= Ronald Bell (musician) =

American musician (1951–2020)

Ronald Nathan Bell (November 1, 1951–September 9, 2020) also known as Khalis Bayyan, was an American composer, singer, songwriter, arranger, producer, saxophonist and co-founding member of Kool & the Gang. The band recorded nine No. 1 R&B singles in the 1970s and 1980s, including its No. 1 pop single "Celebration". The group is honored on the Hollywood Walk of Fame and was inducted into the Songwriters Hall of Fame and Rock and Roll Hall of Fame.

==Early life==
Bell was born in Youngstown, Ohio, to Aminah Bayyan (1932–2014) and Robert "Bobby" Bell (1929–1985). His father was a professional boxer and Golden Gloves amateur boxing winner. Training in Elwood, New York, Bobby Bell had hung out with jazz players and became friends with Miles Davis and Thelonious Monk, who lived in the same apartment building as he did.

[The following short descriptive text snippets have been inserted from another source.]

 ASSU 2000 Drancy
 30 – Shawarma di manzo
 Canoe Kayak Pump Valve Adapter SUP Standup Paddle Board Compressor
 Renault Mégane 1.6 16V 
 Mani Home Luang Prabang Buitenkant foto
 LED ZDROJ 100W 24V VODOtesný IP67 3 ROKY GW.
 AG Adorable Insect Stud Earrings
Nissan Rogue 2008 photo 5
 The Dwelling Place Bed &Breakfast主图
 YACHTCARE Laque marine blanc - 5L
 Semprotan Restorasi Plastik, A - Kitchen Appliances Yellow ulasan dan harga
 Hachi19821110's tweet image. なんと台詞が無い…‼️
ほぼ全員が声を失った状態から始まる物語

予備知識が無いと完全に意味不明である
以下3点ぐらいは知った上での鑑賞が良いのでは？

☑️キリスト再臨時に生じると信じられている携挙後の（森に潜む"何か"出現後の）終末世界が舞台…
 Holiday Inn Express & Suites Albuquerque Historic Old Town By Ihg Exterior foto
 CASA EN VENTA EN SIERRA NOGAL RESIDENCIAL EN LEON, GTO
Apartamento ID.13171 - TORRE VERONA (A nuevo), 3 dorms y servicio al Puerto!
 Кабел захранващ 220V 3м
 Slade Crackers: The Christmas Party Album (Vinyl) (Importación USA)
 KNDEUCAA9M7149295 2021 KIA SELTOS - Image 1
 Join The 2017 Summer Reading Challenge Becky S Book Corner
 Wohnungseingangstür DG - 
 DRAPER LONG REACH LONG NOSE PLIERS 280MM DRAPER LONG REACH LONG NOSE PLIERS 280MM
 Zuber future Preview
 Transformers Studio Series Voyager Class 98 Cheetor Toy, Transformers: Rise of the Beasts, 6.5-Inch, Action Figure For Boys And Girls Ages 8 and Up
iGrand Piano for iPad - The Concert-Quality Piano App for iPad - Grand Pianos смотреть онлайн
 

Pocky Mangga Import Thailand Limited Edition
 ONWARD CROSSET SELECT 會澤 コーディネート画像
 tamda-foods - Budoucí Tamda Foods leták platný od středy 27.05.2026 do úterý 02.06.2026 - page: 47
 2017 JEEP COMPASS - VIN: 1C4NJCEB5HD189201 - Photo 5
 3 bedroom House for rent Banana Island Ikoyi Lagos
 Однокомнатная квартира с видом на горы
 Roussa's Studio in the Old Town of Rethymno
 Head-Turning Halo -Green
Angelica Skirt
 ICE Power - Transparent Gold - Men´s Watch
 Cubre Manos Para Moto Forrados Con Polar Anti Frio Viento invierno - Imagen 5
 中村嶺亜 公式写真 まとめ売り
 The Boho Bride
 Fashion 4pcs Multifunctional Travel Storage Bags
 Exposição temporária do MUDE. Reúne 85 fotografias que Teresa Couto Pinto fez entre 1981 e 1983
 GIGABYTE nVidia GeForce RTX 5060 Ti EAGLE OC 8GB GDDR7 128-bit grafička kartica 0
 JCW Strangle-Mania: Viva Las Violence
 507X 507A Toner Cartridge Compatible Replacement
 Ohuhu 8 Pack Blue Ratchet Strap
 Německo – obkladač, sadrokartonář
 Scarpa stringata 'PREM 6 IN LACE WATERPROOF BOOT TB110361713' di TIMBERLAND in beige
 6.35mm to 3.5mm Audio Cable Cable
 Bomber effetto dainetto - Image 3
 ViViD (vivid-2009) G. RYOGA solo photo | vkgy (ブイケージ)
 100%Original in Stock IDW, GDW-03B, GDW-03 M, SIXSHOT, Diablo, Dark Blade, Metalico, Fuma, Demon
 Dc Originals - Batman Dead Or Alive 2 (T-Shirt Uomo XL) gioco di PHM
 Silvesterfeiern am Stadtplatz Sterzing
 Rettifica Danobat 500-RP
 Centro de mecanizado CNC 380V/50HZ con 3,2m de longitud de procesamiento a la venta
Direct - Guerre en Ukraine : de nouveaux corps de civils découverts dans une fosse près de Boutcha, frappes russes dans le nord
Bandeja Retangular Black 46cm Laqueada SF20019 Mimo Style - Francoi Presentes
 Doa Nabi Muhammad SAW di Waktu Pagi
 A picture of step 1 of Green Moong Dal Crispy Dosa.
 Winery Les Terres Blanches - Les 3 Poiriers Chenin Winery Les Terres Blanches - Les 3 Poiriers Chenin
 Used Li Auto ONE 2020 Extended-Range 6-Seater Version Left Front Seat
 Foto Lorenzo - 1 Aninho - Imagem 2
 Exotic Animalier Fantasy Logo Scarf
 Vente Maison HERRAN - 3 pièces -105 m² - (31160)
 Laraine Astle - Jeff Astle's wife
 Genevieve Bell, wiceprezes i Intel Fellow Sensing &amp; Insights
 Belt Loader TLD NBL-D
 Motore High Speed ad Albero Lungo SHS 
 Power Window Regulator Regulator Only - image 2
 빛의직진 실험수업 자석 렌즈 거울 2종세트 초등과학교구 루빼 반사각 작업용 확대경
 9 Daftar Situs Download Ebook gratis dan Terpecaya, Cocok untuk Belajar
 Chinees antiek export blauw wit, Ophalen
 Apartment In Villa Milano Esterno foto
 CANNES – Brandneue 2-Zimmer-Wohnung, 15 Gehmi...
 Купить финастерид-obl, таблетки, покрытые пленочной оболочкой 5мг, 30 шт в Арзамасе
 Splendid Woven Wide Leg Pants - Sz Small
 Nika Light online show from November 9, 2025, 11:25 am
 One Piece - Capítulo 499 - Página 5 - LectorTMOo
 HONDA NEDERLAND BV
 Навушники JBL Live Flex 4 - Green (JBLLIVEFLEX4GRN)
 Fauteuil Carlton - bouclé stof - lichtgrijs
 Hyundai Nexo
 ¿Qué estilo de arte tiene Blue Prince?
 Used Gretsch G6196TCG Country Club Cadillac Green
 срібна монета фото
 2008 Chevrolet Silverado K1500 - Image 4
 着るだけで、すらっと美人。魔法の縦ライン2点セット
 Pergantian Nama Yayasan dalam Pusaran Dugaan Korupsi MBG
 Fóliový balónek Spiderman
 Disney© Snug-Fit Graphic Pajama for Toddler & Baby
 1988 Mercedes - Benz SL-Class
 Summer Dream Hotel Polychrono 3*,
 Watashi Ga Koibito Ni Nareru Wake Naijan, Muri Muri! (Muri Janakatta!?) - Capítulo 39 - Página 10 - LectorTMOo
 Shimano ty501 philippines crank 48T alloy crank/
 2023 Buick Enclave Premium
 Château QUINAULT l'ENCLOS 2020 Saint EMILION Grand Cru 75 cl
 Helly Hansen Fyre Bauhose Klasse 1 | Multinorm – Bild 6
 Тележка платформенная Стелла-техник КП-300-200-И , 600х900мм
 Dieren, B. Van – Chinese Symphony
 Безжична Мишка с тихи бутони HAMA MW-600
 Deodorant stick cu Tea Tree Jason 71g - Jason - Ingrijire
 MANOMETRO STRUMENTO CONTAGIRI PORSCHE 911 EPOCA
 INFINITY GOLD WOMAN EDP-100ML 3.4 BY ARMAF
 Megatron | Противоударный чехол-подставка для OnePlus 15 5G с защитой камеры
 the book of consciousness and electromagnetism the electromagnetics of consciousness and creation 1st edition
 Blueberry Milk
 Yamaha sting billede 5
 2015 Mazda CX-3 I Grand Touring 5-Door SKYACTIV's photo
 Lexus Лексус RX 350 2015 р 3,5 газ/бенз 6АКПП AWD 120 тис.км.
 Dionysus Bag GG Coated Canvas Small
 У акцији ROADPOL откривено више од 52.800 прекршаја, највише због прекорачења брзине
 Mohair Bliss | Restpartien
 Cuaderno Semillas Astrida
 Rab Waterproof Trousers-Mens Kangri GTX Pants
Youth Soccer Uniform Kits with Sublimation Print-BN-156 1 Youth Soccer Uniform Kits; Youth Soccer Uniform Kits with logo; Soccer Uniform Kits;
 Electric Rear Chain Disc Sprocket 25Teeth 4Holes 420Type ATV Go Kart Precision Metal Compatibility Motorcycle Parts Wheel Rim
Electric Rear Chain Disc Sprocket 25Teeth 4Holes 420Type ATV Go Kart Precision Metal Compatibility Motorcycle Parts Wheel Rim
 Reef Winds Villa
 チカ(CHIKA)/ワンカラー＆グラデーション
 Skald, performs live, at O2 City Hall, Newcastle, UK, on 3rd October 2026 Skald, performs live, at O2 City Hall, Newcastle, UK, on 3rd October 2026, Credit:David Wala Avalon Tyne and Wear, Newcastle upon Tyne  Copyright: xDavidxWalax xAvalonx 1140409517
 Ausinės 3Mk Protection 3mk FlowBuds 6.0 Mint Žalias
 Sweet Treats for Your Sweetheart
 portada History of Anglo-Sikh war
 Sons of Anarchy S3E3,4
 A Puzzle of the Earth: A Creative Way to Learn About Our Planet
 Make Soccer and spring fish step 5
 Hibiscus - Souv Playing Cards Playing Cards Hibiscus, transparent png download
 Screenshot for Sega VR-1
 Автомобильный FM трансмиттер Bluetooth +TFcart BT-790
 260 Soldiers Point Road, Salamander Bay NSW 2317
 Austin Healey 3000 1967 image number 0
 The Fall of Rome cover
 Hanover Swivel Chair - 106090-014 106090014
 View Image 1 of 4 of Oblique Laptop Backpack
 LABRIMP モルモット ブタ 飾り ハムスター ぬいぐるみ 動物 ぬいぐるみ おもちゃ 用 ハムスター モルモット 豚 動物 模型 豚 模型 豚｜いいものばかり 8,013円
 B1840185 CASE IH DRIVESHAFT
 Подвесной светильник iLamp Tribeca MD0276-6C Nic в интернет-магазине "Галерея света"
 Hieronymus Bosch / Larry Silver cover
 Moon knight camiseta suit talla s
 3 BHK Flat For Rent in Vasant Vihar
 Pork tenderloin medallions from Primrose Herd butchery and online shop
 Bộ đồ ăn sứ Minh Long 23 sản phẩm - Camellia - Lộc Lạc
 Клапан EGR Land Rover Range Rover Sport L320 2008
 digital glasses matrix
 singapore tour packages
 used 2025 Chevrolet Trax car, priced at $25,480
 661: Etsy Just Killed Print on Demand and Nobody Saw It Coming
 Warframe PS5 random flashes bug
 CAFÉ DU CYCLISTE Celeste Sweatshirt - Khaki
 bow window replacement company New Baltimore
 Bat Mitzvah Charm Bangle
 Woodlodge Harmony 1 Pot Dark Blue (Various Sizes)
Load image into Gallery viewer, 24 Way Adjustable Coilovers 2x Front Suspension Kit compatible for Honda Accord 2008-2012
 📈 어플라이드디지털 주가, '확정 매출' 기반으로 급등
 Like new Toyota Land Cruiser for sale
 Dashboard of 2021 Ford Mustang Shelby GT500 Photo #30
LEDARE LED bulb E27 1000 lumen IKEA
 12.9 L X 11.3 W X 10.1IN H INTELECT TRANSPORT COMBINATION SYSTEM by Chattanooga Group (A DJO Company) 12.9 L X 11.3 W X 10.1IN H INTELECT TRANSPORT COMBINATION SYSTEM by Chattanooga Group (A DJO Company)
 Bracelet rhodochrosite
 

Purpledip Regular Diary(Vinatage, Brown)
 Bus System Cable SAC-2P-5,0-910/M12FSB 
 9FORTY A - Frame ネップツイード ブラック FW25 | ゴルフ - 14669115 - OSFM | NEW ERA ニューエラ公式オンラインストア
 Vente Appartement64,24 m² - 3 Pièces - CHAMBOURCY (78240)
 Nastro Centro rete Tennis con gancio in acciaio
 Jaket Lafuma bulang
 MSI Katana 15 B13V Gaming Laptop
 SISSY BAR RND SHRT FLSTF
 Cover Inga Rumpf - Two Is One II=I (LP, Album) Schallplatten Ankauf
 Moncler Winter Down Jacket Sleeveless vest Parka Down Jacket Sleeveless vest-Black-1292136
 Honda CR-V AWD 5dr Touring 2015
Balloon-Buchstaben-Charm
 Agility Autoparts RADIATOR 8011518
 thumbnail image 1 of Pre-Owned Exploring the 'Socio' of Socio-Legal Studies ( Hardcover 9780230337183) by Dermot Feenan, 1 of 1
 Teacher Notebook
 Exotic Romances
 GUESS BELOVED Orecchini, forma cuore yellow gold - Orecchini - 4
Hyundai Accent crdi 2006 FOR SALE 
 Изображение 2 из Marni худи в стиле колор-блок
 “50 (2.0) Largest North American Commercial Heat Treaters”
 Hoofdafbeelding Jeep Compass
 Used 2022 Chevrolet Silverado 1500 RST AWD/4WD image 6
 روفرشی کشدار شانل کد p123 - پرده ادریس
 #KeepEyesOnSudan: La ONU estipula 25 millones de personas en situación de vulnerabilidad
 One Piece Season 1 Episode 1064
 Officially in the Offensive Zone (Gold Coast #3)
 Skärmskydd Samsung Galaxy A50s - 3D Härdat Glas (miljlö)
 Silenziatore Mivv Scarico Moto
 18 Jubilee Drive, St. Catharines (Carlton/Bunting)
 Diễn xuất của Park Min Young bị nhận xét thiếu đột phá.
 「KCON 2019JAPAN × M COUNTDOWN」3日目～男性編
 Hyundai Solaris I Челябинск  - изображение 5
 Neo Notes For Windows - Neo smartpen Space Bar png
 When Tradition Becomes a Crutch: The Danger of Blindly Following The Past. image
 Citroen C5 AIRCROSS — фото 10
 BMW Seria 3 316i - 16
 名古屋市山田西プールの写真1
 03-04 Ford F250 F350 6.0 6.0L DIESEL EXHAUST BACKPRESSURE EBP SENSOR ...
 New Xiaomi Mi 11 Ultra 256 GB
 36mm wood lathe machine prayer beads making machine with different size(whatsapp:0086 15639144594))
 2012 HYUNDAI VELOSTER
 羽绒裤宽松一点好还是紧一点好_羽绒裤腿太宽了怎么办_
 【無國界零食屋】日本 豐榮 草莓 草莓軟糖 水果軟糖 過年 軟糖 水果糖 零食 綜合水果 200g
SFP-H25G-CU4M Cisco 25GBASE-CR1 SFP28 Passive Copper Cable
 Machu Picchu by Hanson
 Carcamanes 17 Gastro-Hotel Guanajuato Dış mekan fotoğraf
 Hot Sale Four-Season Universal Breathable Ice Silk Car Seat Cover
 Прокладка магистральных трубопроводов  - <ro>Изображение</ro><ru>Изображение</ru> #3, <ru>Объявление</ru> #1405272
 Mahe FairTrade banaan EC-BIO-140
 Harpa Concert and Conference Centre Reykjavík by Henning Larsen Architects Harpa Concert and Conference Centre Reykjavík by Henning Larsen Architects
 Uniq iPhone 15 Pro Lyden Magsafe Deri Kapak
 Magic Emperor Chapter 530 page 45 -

Ronald Bell and his brother, Robert "Kool" Bell, were introduced to jazz at around five or six. The family moved to Jersey City, New Jersey, in 1960. In 1964, the brothers joined neighborhood friends Spike Mickens, Dennis Thomas, Ricky Westfield, George Brown, and Charles Smith to create a distinctive musical blend of jazz, soul, and funk. At first calling themselves "The Jazziacs", the band went through various name changes—the New Dimensions, the Soul Town Band, and Kool & the Flames—before settling on Kool & the Gang in 1968.

==Career==
Ronald Bell composed, arranged, produced and performed some of the most popular music in Kool and the Gang's body of work. He was a self-taught musician, and his distinctive sound is on the group's horn lines, bass, synthesizer and vocals. He wrote and produced many of the Kool & the Gang's songs, including "Celebration", "Cherish", "Jungle Boogie", "Summer Madness", and "Open Sesame". He said his favorite song was "Celebration", which he wrote after reading a passage in the Quran.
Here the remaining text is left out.